Carbon Steel versus Cast Iron Pans

Which is the best pan for the job?

Fried eggs in cast iron pan
istetiana / Getty Images

Most home cooks are familiar with cast iron cookware, and probably own at least one piece. It's affordable, versatile, virtually indestructible, and great for everything from searing steaks to baking corn bread

Carbon steel pans, on the other hand, are less popular, despite offering most (if not all) the benefits of cast iron—not necessarily for less money, but perhaps with less hassle.

Let's take a look at the the two, break down the differences and what they're each good and not-so-good for.

What is Cast Iron?

You might think that cast iron is made of pure iron, but it's not. Cast iron is actually an alloy of iron and carbon, just like steel, with the main difference being that cast iron has more carbon in it. Whereas steel requires a carbon content of no more than 2 percent, cast iron usually contains 2 to 3.5 percent carbon. 

It's the carbon content that gives cast iron its rough, slightly bumpy feel. Its higher carbon content makes cast iron more brittle than steel (which is why it needs to be so heavy and thick—if it were thinner, it would break). And because it's a poor conductor, it retains heat for a long time (while also taking longer to heat up and cool down).

What is Carbon Steel?

Steel is also an alloy of iron and carbon, but to be considered steel, it needs to have less than 2 percent carbon. Stainless steel contains 1.2 percent carbon (along with chromium, which prevents corrosion), whereas carbon steel contains 2 percent. 

Carbon steel has a matte finish, compared with stainless steel which is shiny. Carbon steel is much harder than stainless steel (which makes it ideal for making knives that stay sharp, but are likewise more difficult to sharpen), but it can corrode and rust, whereas stainless steel doesn't. Carbon steel is also more expensive (sometimes significantly so), than cast iron.

Cooking with Cast Iron Pans

Cast iron pans are wonderful to have in the kitchen for their durability, versatility, heat retention and affordability. Because they get so hot, they can sear a steak in minutes, and because they're equally safe on the stovetop and in the oven, you can sear, bake, braise and roast with them—you can even use them on the grill or under the broiler.

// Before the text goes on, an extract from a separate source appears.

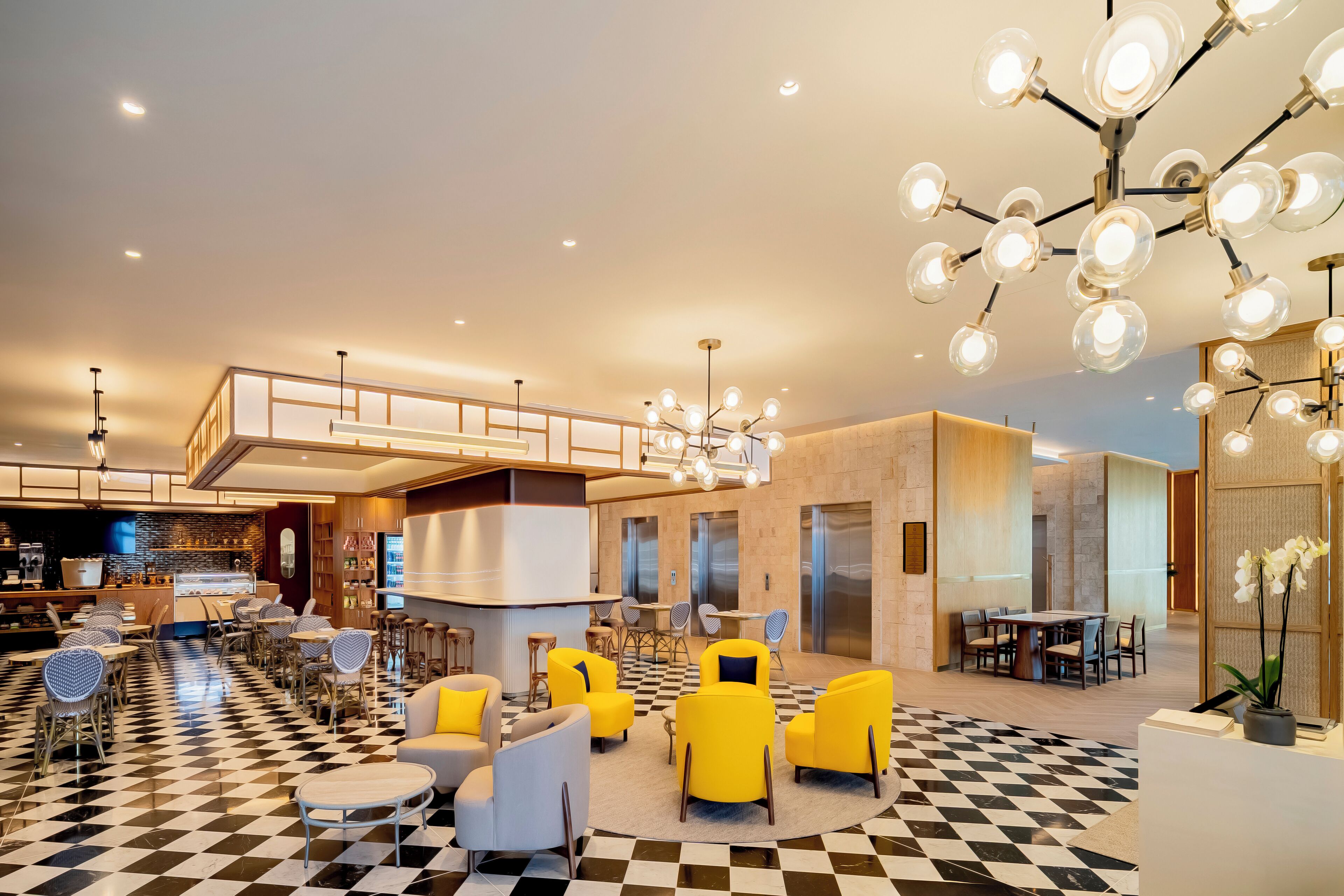 A modern hotel lobby with checkered flooring, yellow armchairs, a central seating area, and a bar.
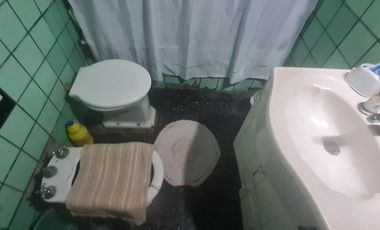 Lote con casa a refaccionar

And when properly seasoned, they do develop a nonstick surface. Still, they'll never be the best choice for cooking eggs, and they're generally too heavy for sautéeing. Plus, if you try to simmer an acidic liquid in cast iron, like a tomato-based sauce, for instance, the acid will both break down the nonstick seasoning and impart a metallic flavor to your food.

Caring for Cast Iron Pans

Most cast iron pans these days come preseasoned. "Seasoning" is a nongreasy layer of oil that is bonded to the surface of the pan, which protects it from rust while also imparting nonstick properties. And while the pan itself is extremely durable, this seasoning can be scraped off if scratched with a metal spatula.

Thus, caring for cast iron essentially comes down to preserving the seasoning, which means drying it immediately after washing (to prevent rust) and giving it a coat of oil after each soap and water rinse. Keep your pan out of the dishwasher, and wash it with soap and water by hand. Contrary to popular belief, soap cannot remove the seasoning (although excessive scrubbing can).

Enameled Cast Iron Pans

Some cast iron pans come with an enamel coating, which makes them easier to care for, since the enamel protects the surface from rust and corrosion. The downside is that the enamel coating can crack at temperatures as low as 400 F, which somewhat defeats the purpose of cast iron. It can also chip if banged hard enough, and while it's easier to clean than regular cast iron, it won't ever be nonstick because there's no way for the enamel to build up any seasoning.

Cooking with Carbon Steel Pans

One big advantage of carbon steel over cast iron is that carbon steel pans heat up much more quickly. And because it's more conductive than cast iron, it heats more evenly, with fewer hot spots. But even with that, it is still capable of reaching temperatures high enough to thoroughly sear a steak, and can likewise be used on the stovetop and in the oven.

Carbon steel, like cast iron, also requires seasoning. The difference is, you're more likely to have to season it yourself. Which is simply a matter of following the manufacturer's instructions, and it's not difficult, but it is an extra step.

But, unlike cast iron, carbon steel pans are perfect for cooking eggs, omelets and crepes, as well as fish, which is notorious for sticking. The smoother surface plus the seasoning are what make carbon steel so slippery.

And because it's lighter, you can easily use it for sautéeing. In fact, if not for the fact that acidic foods will strip away the seasoning just like with cast iron (as well as imparting an off taste), you might be tempted to replace all your stainless steel pans with carbon steel. 

Caring for Carbon Steel Pans

However, caring for carbon steel, which is prone to rusting, is more complicated than caring for stainless steel—although not much more complicated than caring for cast iron.

Again, cleaning it is a matter of washing it gently, drying it thoroughly and applying a thin coating of oil afterward.